Segment Start: Data extracts
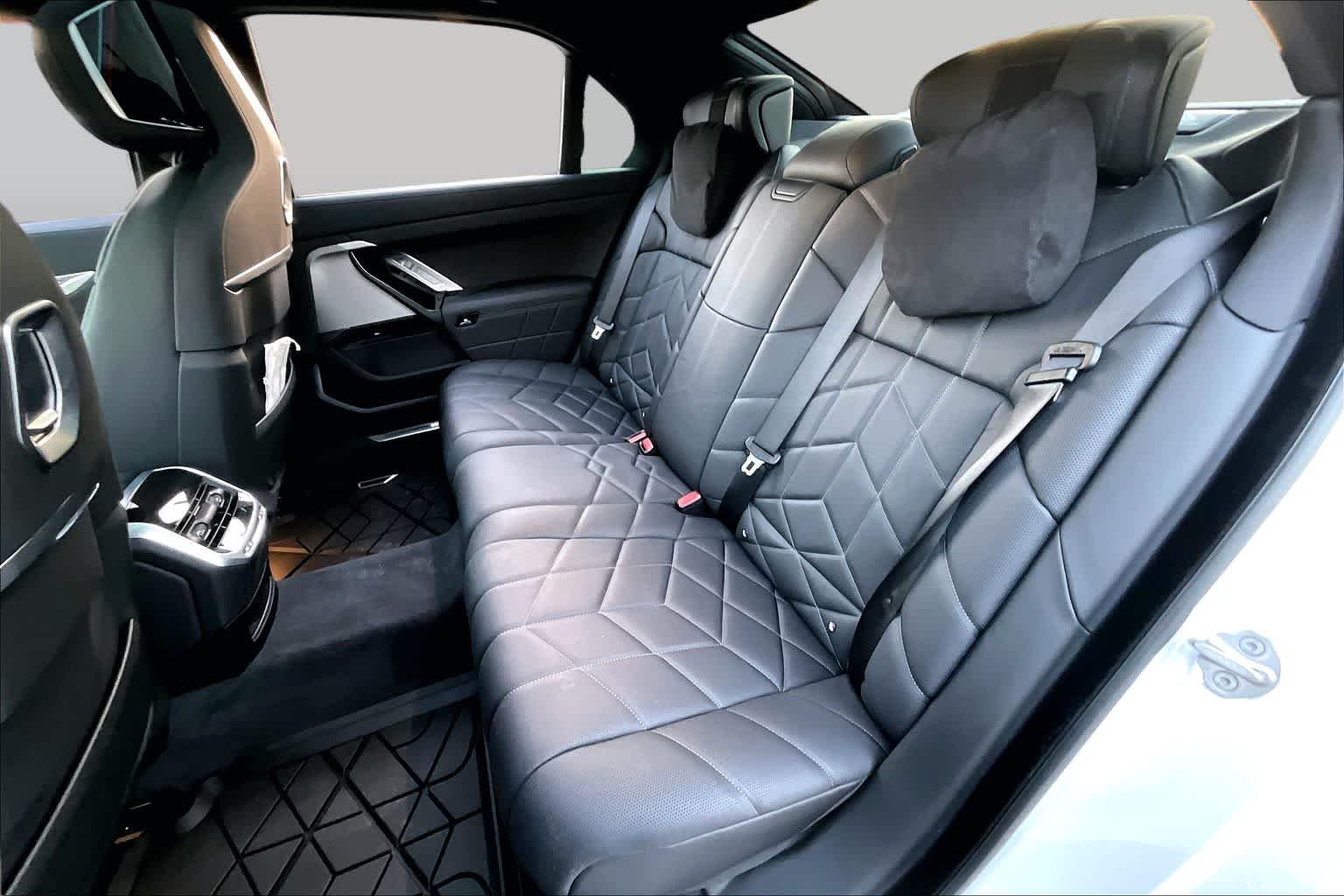 Used 2025 Mineral White Metallic BMW eDrive50 image 18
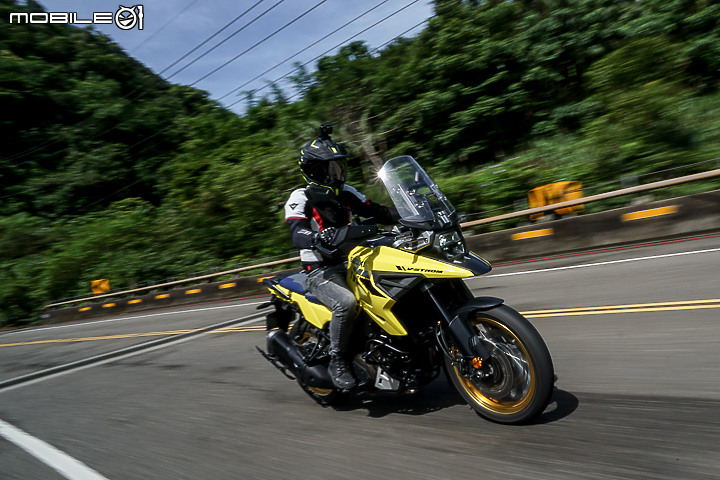 SUZUKI V-Strom 1050XT 試駕 電控上滿越野更輕鬆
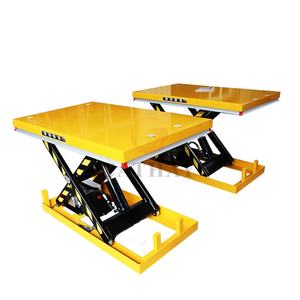 Gunting meja angkat listrik Platform hidrolik, 5ton kerja 500mm 4000mm - Product Image 2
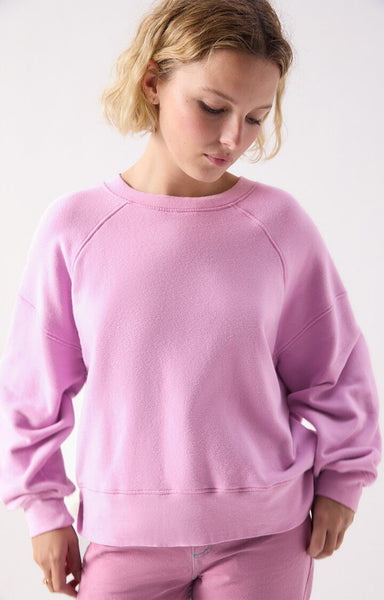 American Vintage ATUBAY Sweatshirt in Orchid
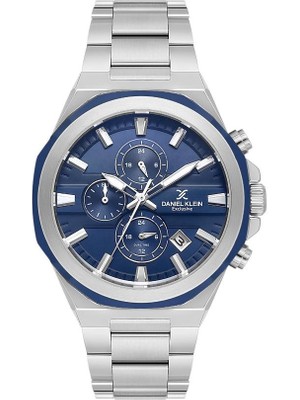 Daniel Klein DKE.1.10808-3 Tüm Fonksiyonları Aktif Metal Kordon Metal Kasa 3 Atm Suya Dayanıklı Metalik Renk Kadın Kol Saati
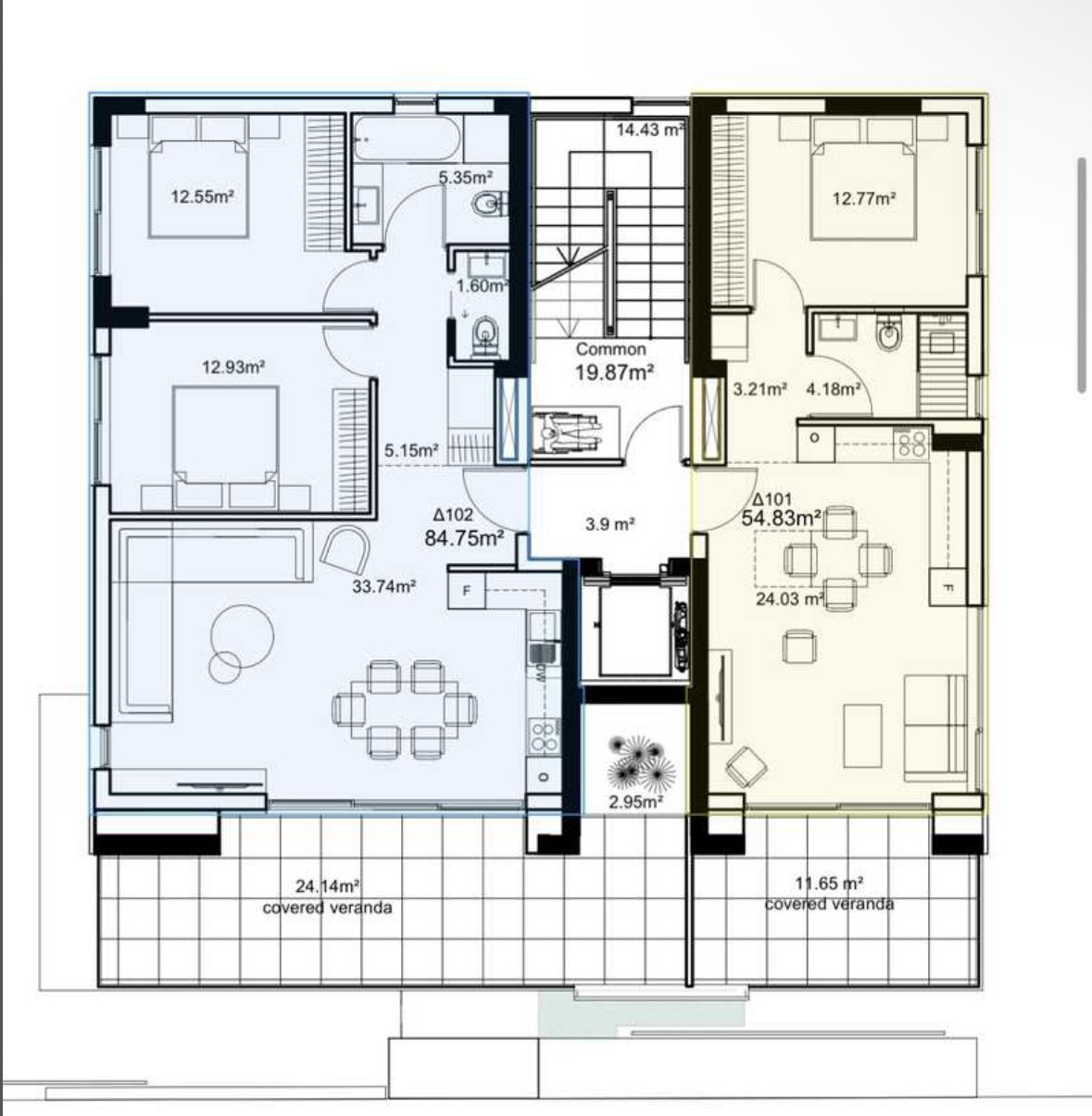 Apartment (Flat) in Katholiki, Limassol for Sale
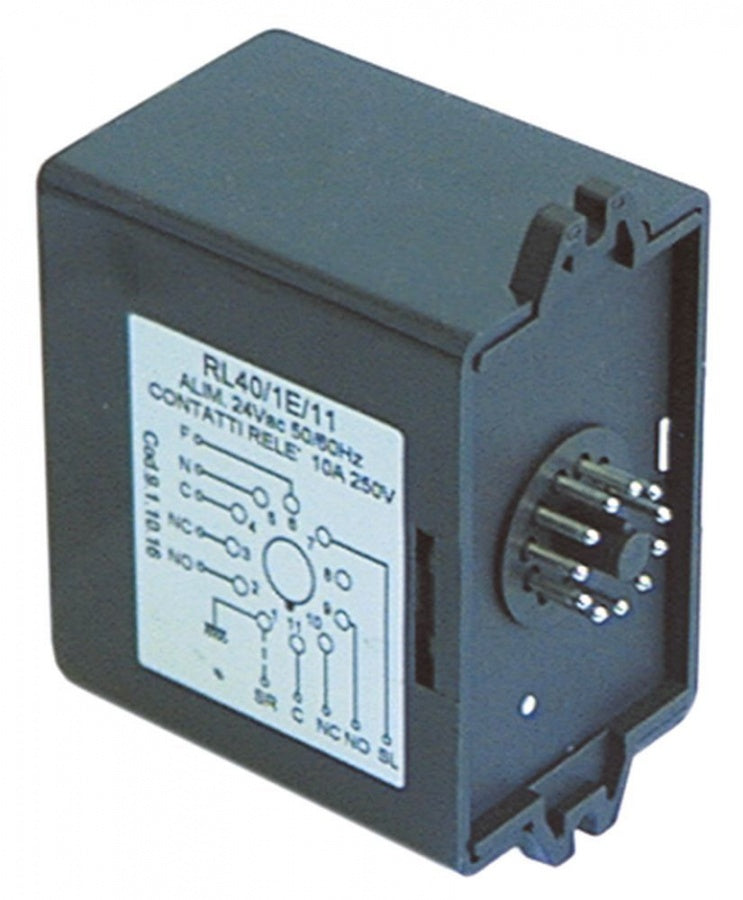 Modul releu nivel 24V AC, RL40/1E/11 - 400231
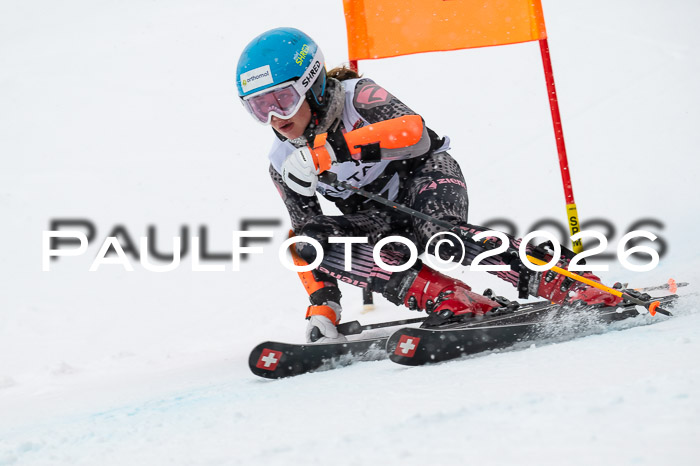 DSV Actanol Schülercup Alpin U14 RS, 10.01.2026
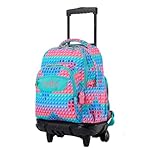 TOTTO PUPIT Schulrucksack mit Rollen, Unisex, für Erwachsene, himmelblau, Größe 60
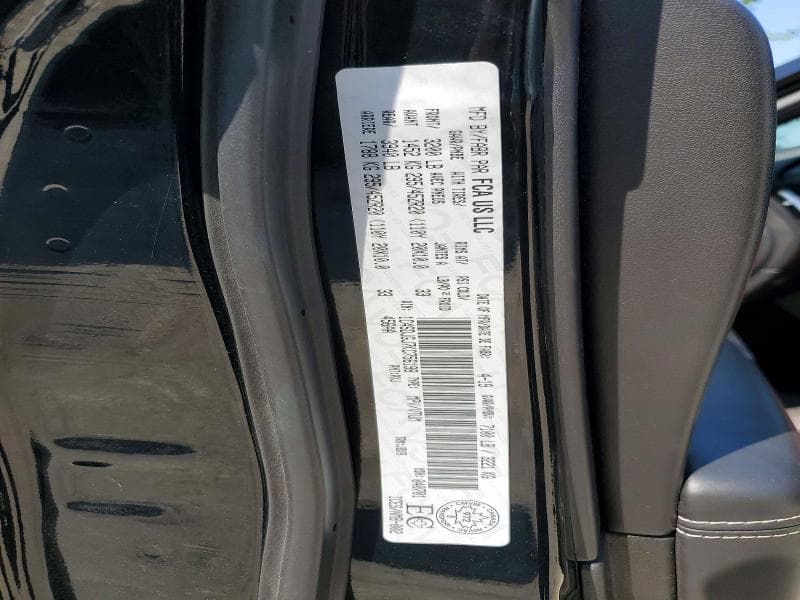 2019 DODGE DURANGO SRT 13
Segment End: Data extracts
→ Task item
Each line above must be set down exactly, though no picture should be carried over.

→ Exercise response
 Used 2025 Mineral White Metallic BMW eDrive50 image 18
 SUZUKI V-Strom 1050XT 試駕 電控上滿越野更輕鬆
 Gunting meja angkat listrik Platform hidrolik, 5ton kerja 500mm 4000mm - Product Image 2
 American Vintage ATUBAY Sweatshirt in Orchid
 Daniel Klein DKE.1.10808-3 Tüm Fonksiyonları Aktif Metal Kordon Metal Kasa 3 Atm Suya Dayanıklı Metalik Renk Kadın Kol Saati
 Apartment (Flat) in Katholiki, Limassol for Sale
 Modul releu nivel 24V AC, RL40/1E/11 - 400231
 DSV Actanol Schülercup Alpin U14 RS, 10.01.2026
 TOTTO PUPIT Schulrucksack mit Rollen, Unisex, für Erwachsene, himmelblau, Größe 60
 2019 DODGE DURANGO SRT 13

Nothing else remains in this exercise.